Results of this experiment were promising: Ability to recognize synonym pairs in the dev set jumped to around 85%. A similar experiment made it so antonym pairs were rated as more dissimilar than random word pairs over 50% of the time. It appears "missing" semantic information can be recovered after all.

Details

The code for my experiments is in siamese.ipynb (open in Google Colab).

I used the WordNet lexical database to generate pairs of synonyms and non-synonyms. These pairs were split into training, dev, and test sets. To ensure that semantic extraction is happening in a truly general way, each WordNet synset appears in only one of the training, dev, and test sets. (If our training set had a "happy", "joyful" pair, and our test set had a "joyful", "upbeat" pair, performance improvement could come from a better representation of "joyful" which doesn't generalize to other words.)

The traditional way to compare word vectors is via cosine similarity. In a naive approach, the model would seek to maximize the cosine similarity of synonyms, and minimize the cosine similarity of non-synonyms. But there's a problem: Suppose there's a pair of non-synonyms with cosine similarity of 0.5, and a pair of synonyms with cosine similarity of 0.8. The naive loss function will focus on decreasing the cosine similarity of non-synonyms to -1.0, since there's much more room for improvement there. But for the synonym recognition task, a cosine similarity of only 0.5 is likely good enough to recognize that two words aren't synonyms. Also, trying to maximize the dissimilarity of the two randomly selected words might not be the right thing to do from a semantic extraction perspective. We're better off trying to boost the cosine similarity of the two synonyms beyond 0.8. To do this, for non-synonyms, I exponentiate the cosine similarity to the sixth power before adding it to the loss function. Since 0.5^6 = 0.015625, the loss function can't be improved much by reducing the similarity of non-synonyms beyond 0.5. But a pair of non-synonyms with cosine similarity of 0.9 will still contribute plenty to the loss: 0.9^6 = 0.531441.

The same code gets re-used with the sign flipped for antonyms. Instead of trying to maximize cosine similarity, we minimize it & try to make antonym vectors point in opposite directions. Just like in the synonym task, we exponentiate the similarity of the contrastive random word pairs, to just make sure they aren't mistaken for antonyms.

The choice of which power to exponentiate to was one of many tweaks I experimented with to optimize performance. I used manual tweaking for code changes, and automated hyperparameter optimization (Gaussian Process optimization provided by the scikit-optimize library) for numerical parameters. Numerical parameters optimized in the code include:

  • output_size - The number of dimensions in the smaller feature space used for comparisons. (The input was 300-dimensional, since I was using 300-dimensional GloVe word vectors.)
  • batch_size - The batch size for stochastic gradient descent.
  • epochs - Number of passes through the training set.
  • reg_rate - The regularization rate for a single linear layer. Through manual experimentation, I discovered that multiple layers with nonlinearities didn't actually improve performance on the synonym task.
  • deviation_dropoff - The choice of which power to exponentiate to, described above.
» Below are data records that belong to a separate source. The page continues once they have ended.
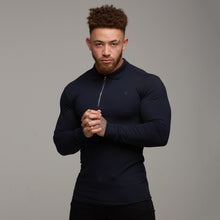 Load image into Gallery viewer, Father Sons Classic Navy Zipped Polo Long Sleeve Shirt - FSH024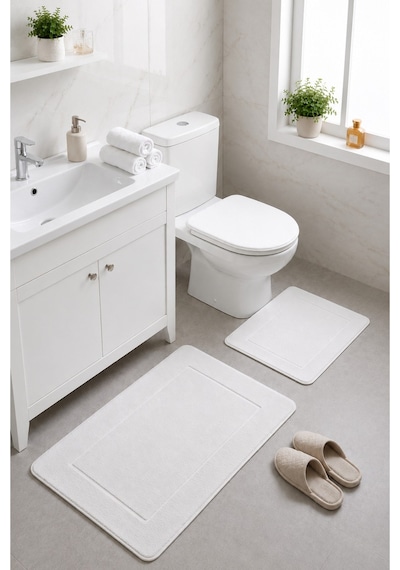 Beyaz 3'lü Banyo Halısı Paspası Seti Kaymaz Tabanlı Yıkanabilir Klozet Takımı Venisa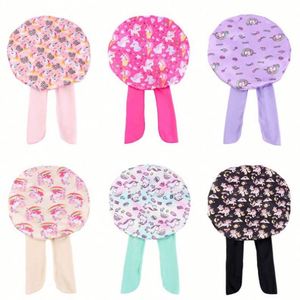 Nuevo Gorro de Satén Unisex para Niños con Lazo Ajustable, Estampado de Dibujos Animados, Gorro para Dormir para Uso en Exteriores y Playa - Product Image 2
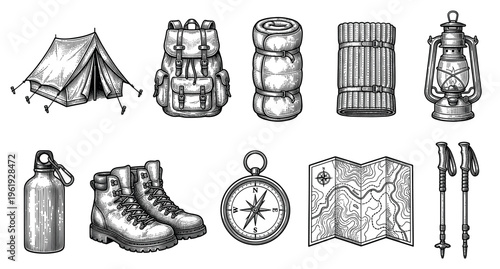 A collection of vintage-style line art illustrations depicting essential camping and hiking gear, perfect for adventure or outdoor activity themes.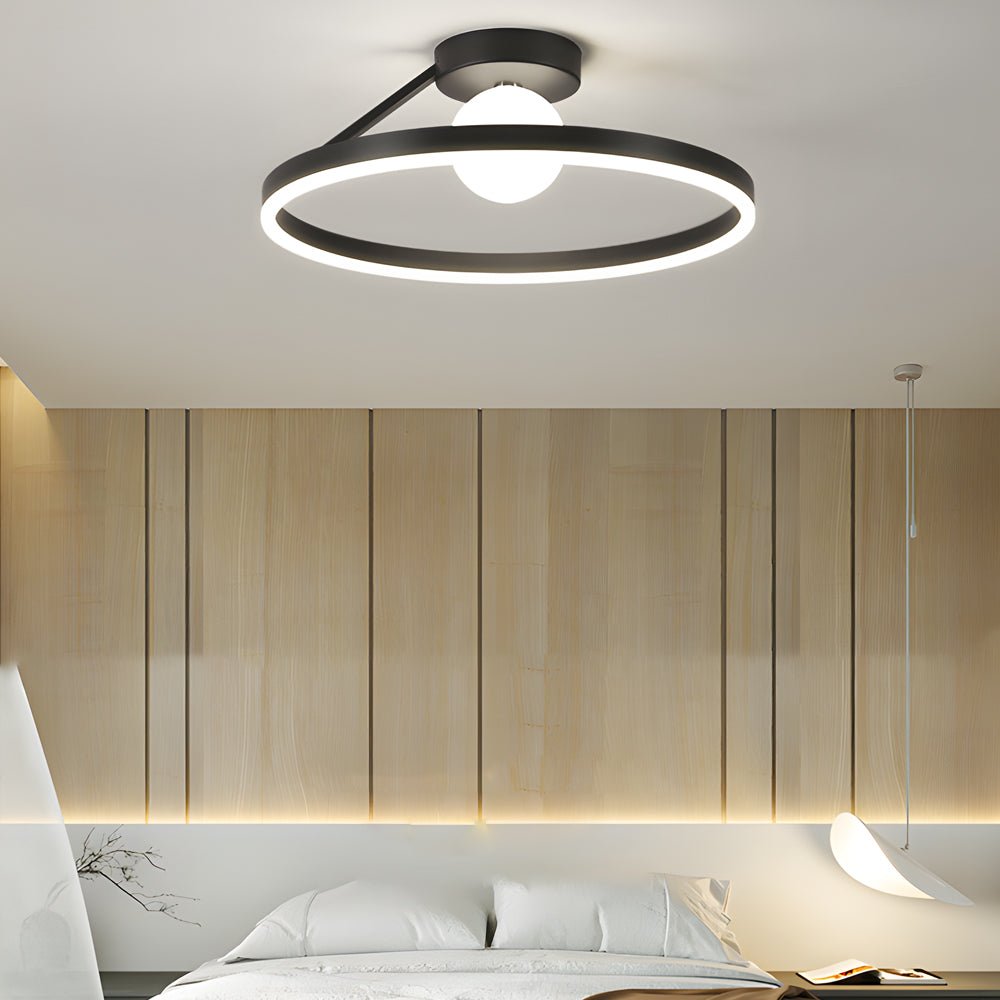 Modern Round Minimalist Semi Flush Mount Ceiling Light with 3-Step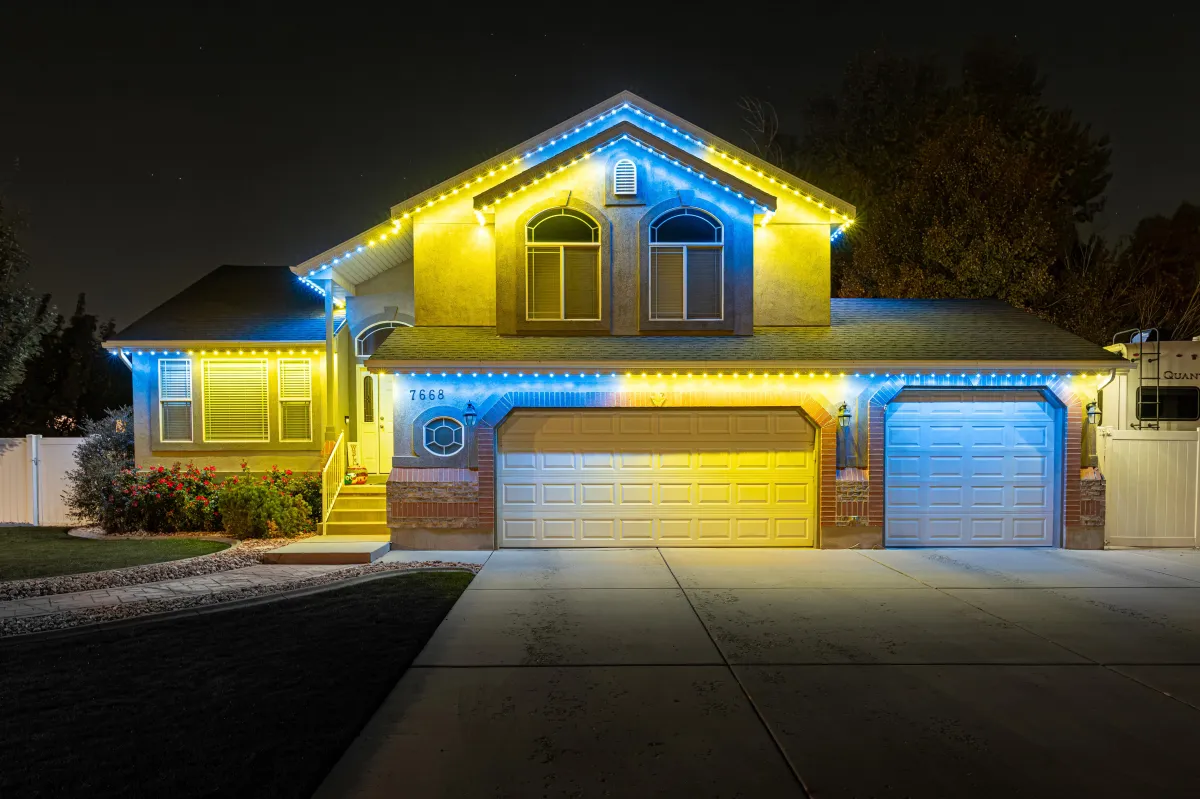 Manhattan Beach home with permanent outdoor lighting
I only did hyperparameter tuning once, for the synonym task, and re-used the same hyperparameters for the antonym task.

Results

Here's the baseline performance for 300-dimensional GloVe word vectors. The performance numbers are computed by calculating the median similarity score in a balanced set of positive examples and random pairs, then calculating the classification accuracy when that number is used as the decision threshold. For synonyms, we classify scores above the threshold as likely synonyms; for antonyms, we classify scores below the threshold as likely antonyms.

Training Set Dev Set
Synonym 75.89% 76.54%
Antonym 11.18% 10.45%

Here are the performance numbers from a Siamese network which has been trained to map synonyms in the Synonym training set close to one another:

Training Set Dev Set
Synonym 91.18% 84.96%
Antonym 11.34% 10.70%

Here are the performance numbers from a Siamese network which has been trained to map antonyms in the Antonym training set away from one another:

Training Set Dev Set
Synonym 62.43% 62.21%
Antonym 74.01% 55.22%

Here are the performance numbers from a Siamese network which has been trained to both map synonyms in the Synonym training set close to one another, and map antonyms in the Antonym training set far from one another. In this case, synonym pairs and antonym pairs were trained simultaneously, with each minibatch being a mixture of tasks. The Synonym training set is about 10x as large as the Antonym training set, so synonym performance was weighted more heavily in the loss function. It would probably be possible to interpolate to various levels of synonym and antonym performance by adjusting the weight given to examples of different types.

Training Set Dev Set
Synonym 90.06% 83.82%
Antonym 24.92% 22.89%

And here are the performance numbers from a Siamese network which was trained on synonyms for a while, then antonyms:

Training Set Dev Set
Synonym 62.18% 61.18%
Antonym 73.68% 55.72%

There does seem to be a tradeoff between synonym & antonym performance. However, some researchers have found that combining multiple word representations can improve performance. So it's possible that using the original GloVe vectors, the synonym-optimized vectors, and the antonym-optimized vectors simultaneously could produce better performance than any single vector representation on its own.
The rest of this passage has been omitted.